*Assignment*: Only the lines below starting at the one containing "A plate of golden, fluffy" and ending at the one containing "Photo 1 of xaegistac" belong in the answer, each copied exactly.

*Data to examine*:
▬▬▬▬▬▬▬▬▬▬

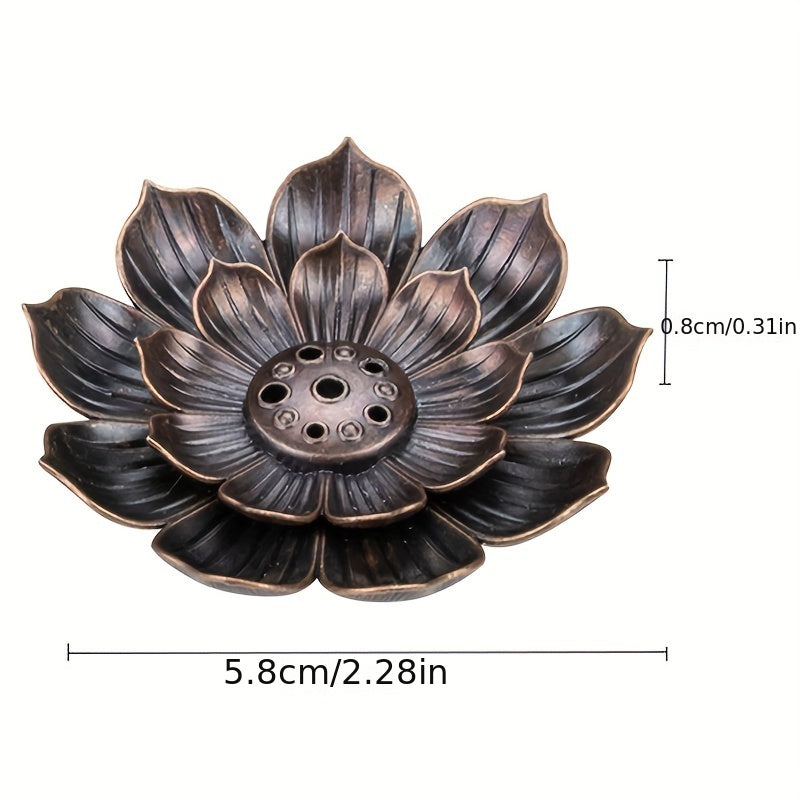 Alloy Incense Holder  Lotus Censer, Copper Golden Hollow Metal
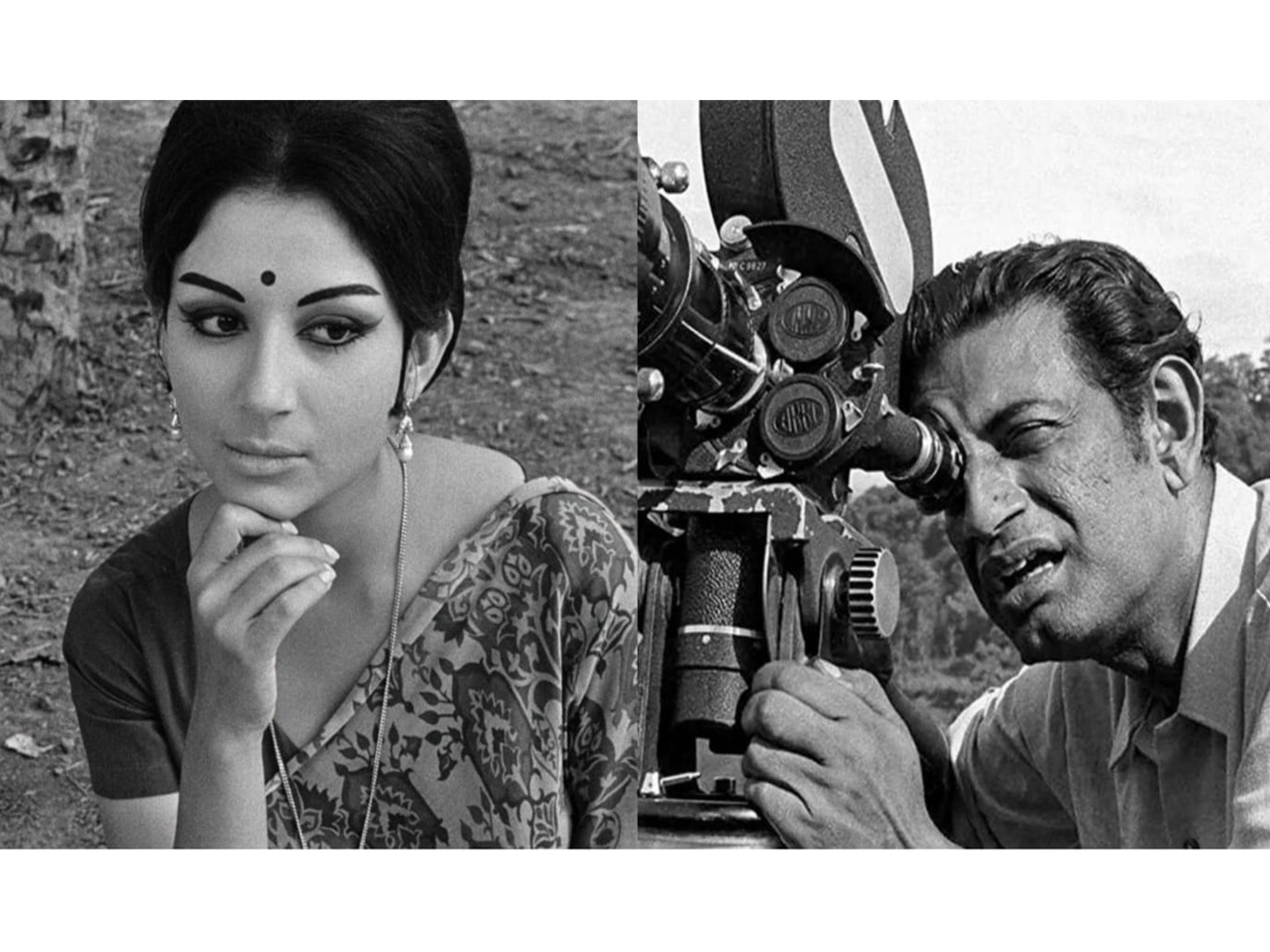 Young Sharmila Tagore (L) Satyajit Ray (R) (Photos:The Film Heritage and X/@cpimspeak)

▬▬▬▬▬▬▬▬▬▬

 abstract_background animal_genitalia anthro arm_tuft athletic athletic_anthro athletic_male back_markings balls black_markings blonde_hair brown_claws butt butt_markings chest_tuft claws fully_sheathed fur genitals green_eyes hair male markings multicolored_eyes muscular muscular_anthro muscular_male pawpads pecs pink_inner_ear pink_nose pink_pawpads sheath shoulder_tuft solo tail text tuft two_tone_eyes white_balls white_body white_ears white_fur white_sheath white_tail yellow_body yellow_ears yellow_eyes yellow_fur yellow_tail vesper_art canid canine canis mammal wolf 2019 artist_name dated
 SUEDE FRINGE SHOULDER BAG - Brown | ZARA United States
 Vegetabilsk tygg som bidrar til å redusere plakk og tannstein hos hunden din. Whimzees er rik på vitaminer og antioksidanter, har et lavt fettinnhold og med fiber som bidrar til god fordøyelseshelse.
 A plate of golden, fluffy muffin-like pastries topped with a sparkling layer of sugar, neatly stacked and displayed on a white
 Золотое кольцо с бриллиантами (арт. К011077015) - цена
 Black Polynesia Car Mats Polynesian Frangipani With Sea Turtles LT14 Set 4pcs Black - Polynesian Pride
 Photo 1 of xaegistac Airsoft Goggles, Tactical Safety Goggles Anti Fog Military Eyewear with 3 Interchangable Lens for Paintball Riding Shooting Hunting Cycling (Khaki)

▬▬▬▬▬▬▬▬▬▬

*Problem solution*:
 A plate of golden, fluffy muffin-like pastries topped with a sparkling layer of sugar, neatly stacked and displayed on a white
 Золотое кольцо с бриллиантами (арт. К011077015) - цена
 Black Polynesia Car Mats Polynesian Frangipani With Sea Turtles LT14 Set 4pcs Black - Polynesian Pride
 Photo 1 of xaegistac Airsoft Goggles, Tactical Safety Goggles Anti Fog Military Eyewear with 3 Interchangable Lens for Paintball Riding Shooting Hunting Cycling (Khaki)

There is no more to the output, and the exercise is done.